Segment Open

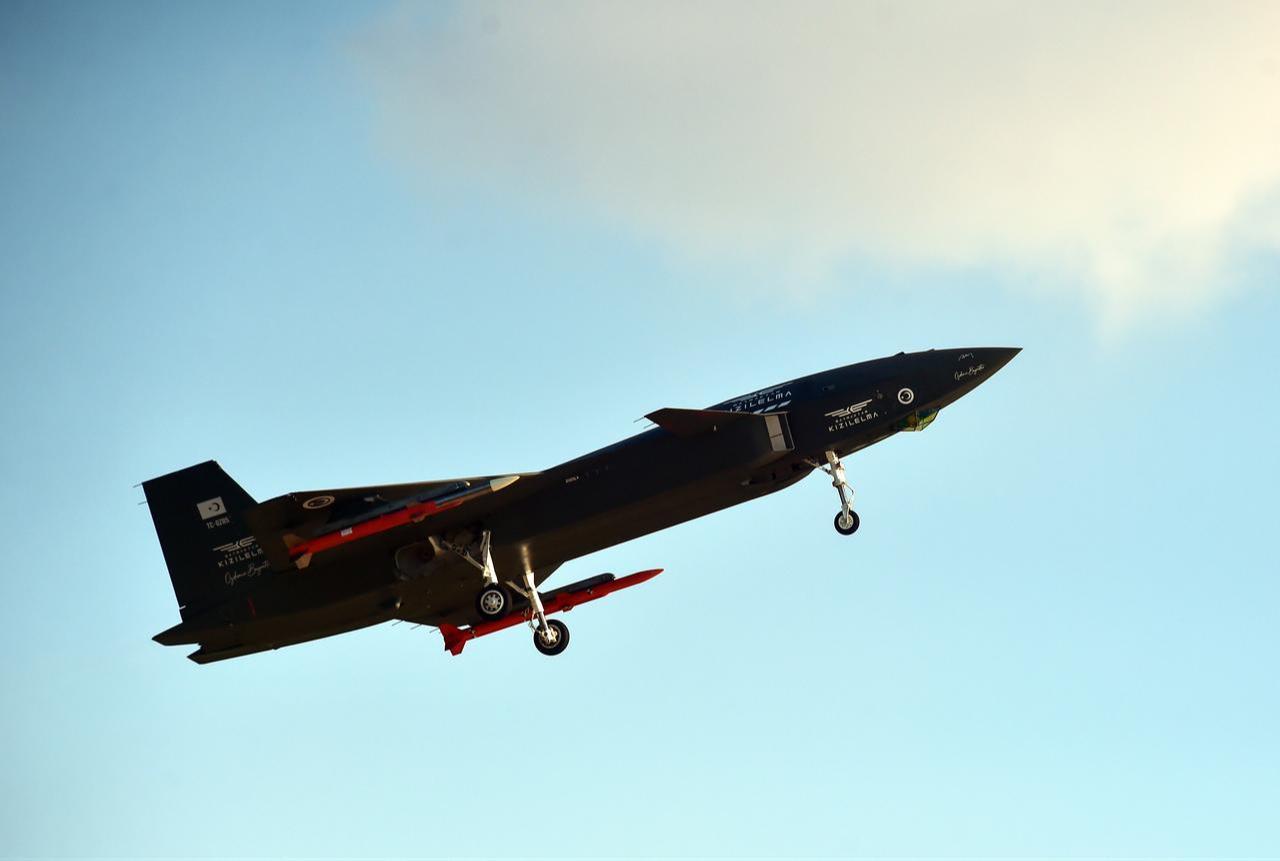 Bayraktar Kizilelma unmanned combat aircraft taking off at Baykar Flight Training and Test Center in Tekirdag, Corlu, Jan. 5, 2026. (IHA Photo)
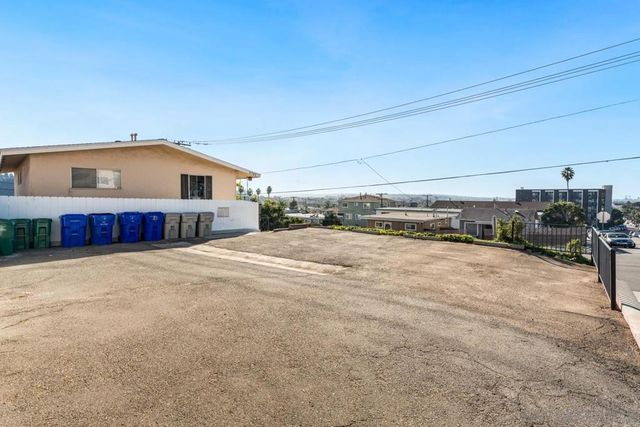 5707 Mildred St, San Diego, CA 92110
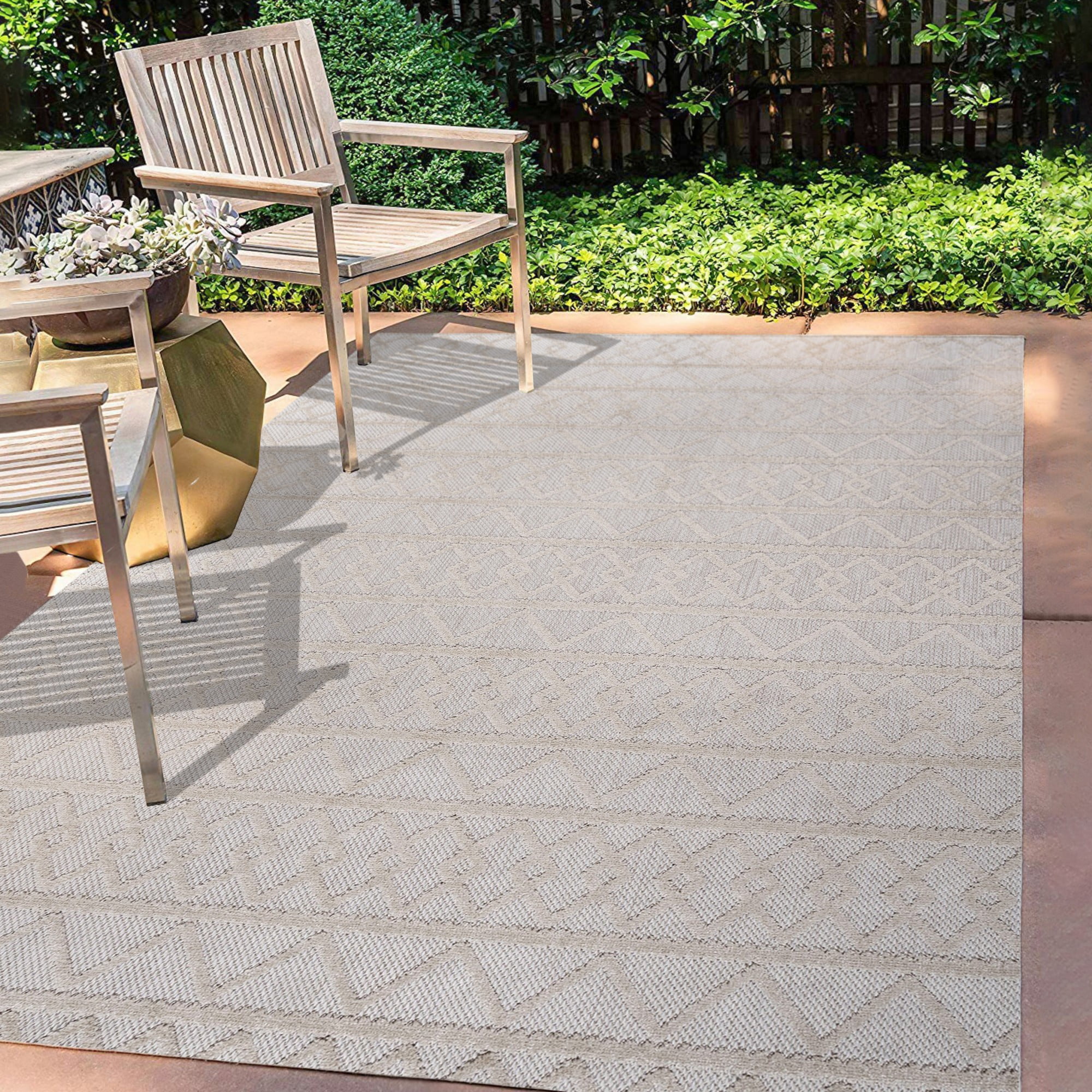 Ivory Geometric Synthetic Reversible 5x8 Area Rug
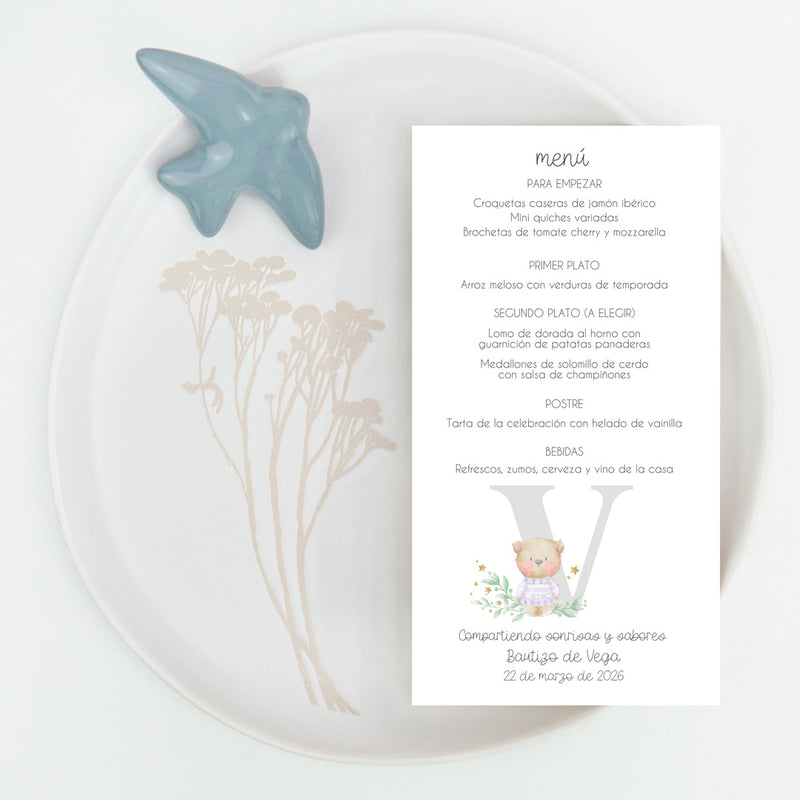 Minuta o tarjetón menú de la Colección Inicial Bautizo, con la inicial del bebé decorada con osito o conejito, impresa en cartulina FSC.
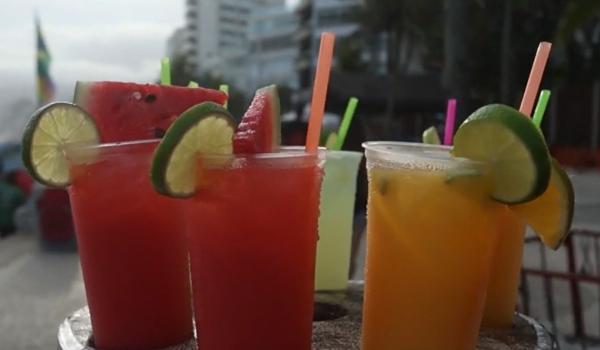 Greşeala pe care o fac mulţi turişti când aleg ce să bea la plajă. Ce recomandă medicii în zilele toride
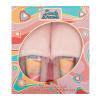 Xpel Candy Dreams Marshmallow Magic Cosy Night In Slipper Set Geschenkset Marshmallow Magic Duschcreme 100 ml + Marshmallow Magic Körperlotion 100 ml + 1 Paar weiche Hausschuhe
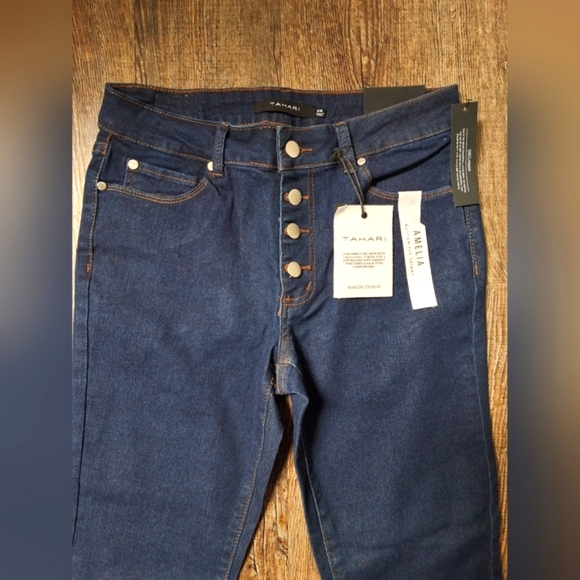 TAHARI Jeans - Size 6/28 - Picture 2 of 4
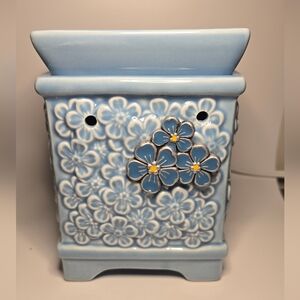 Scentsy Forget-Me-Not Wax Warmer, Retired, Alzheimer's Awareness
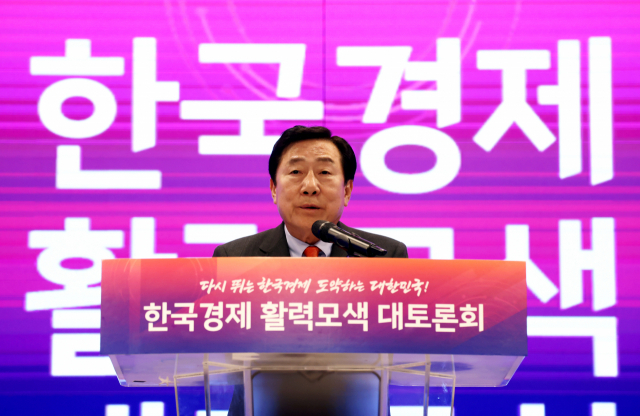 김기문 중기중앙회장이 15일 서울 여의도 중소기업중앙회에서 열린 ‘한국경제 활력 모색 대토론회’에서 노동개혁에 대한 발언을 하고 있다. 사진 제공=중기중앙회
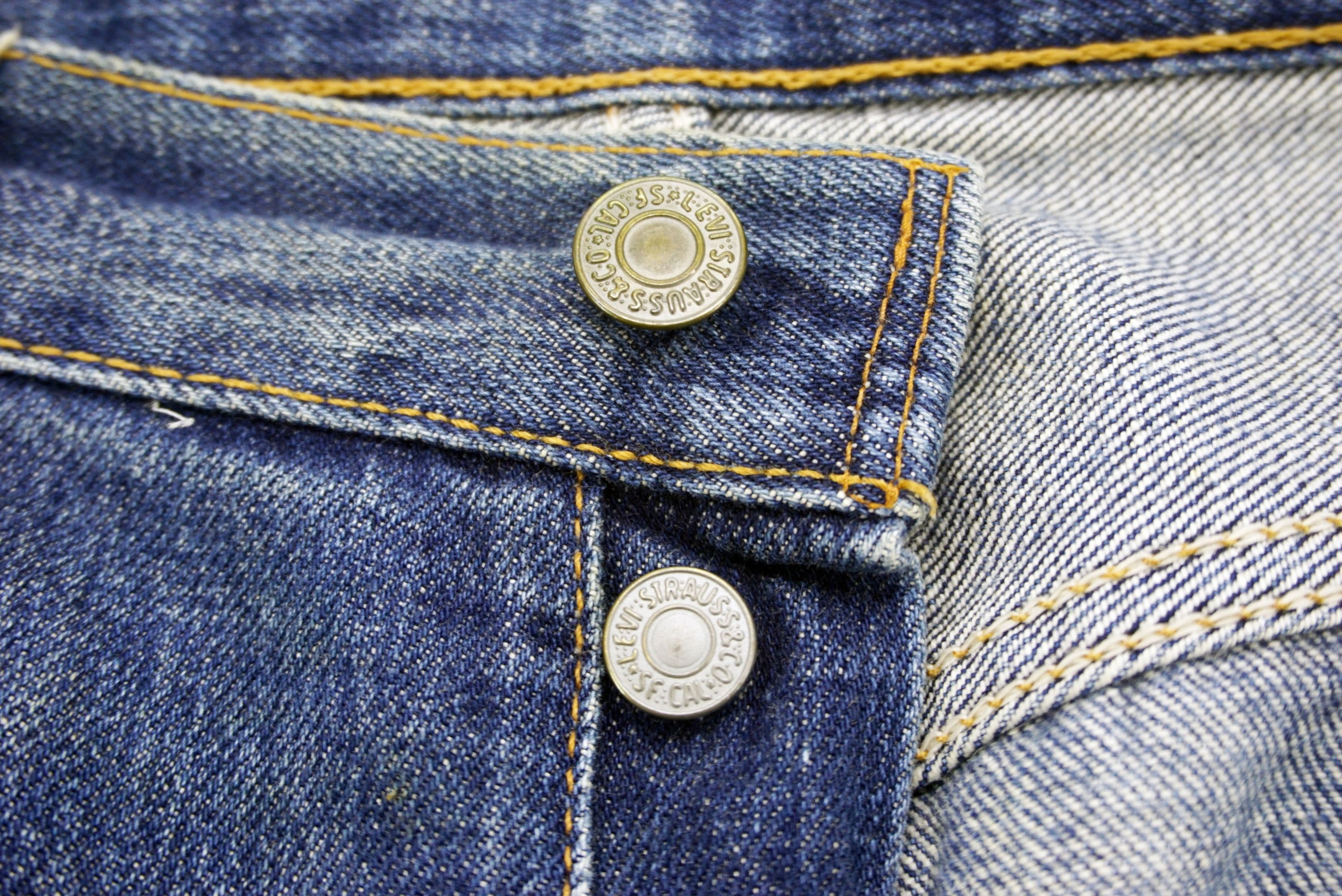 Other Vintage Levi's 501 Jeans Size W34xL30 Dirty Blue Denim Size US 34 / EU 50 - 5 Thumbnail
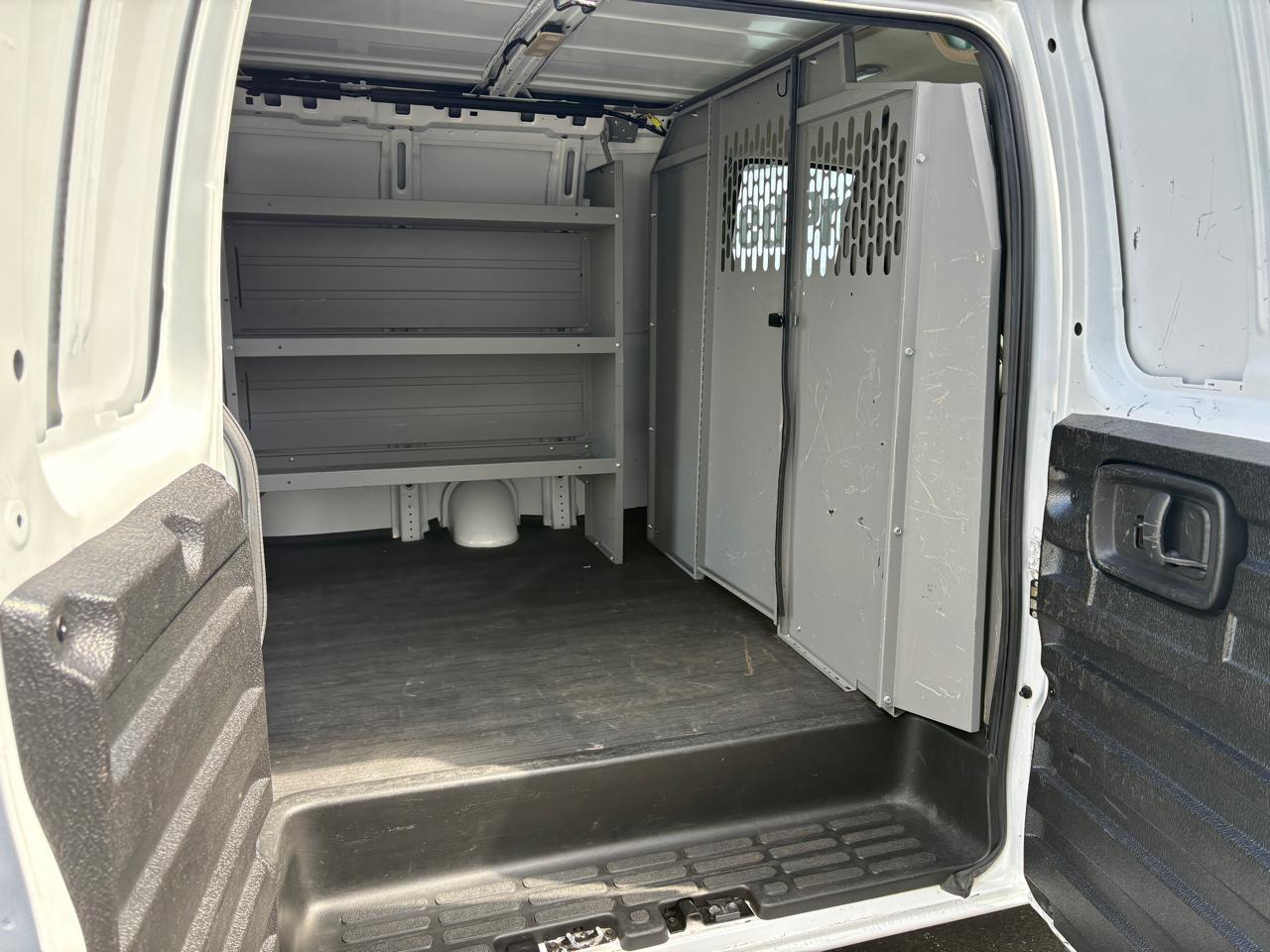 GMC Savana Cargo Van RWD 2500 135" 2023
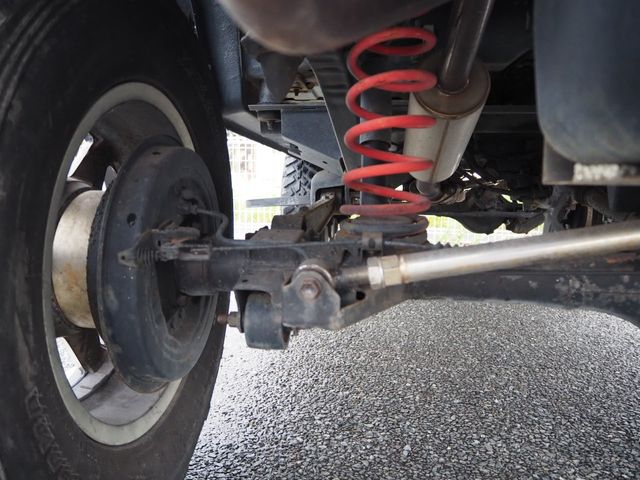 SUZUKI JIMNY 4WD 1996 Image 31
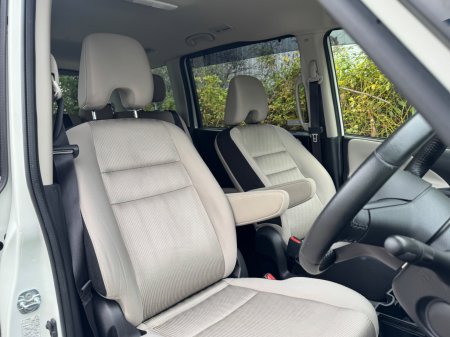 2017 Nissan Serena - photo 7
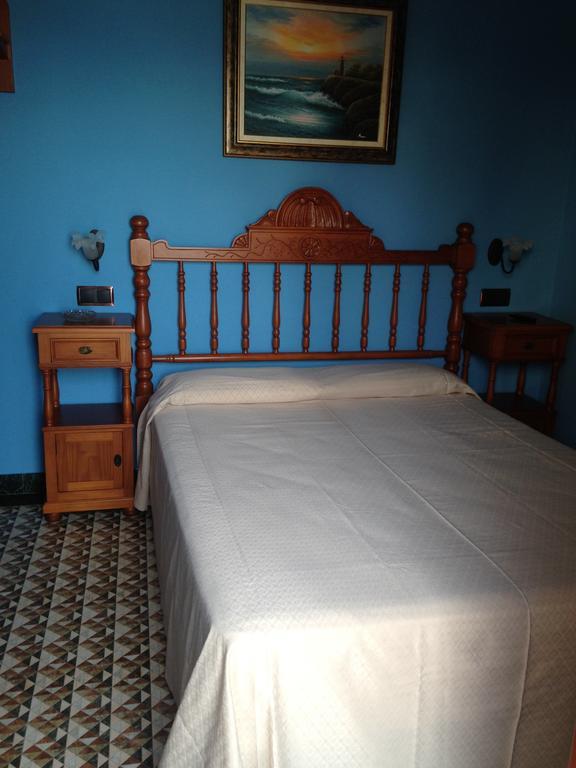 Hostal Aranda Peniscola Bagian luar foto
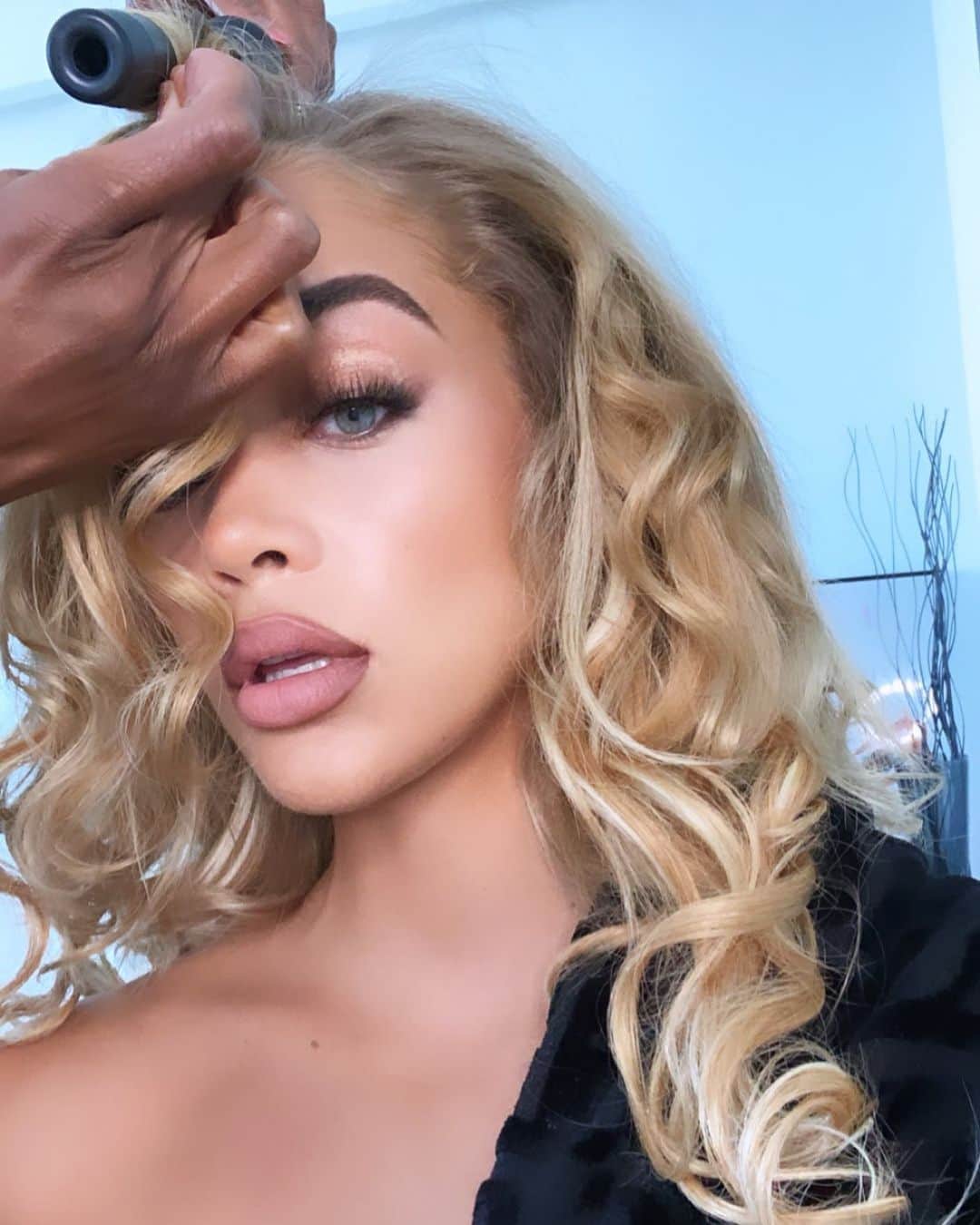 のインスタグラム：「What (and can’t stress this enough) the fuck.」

Segment Closed

--- ABOUT THIS EXERCISE ---
Copy the lines from the line that contains "2017 Nissan Serena - photo 7" through the end of the records, exactly and with nothing added; leave the pictures out.

--- RESPONSE BELOW ---
 2017 Nissan Serena - photo 7
 Hostal Aranda Peniscola Bagian luar foto
 のインスタグラム：「What (and can’t stress this enough) the fuck.」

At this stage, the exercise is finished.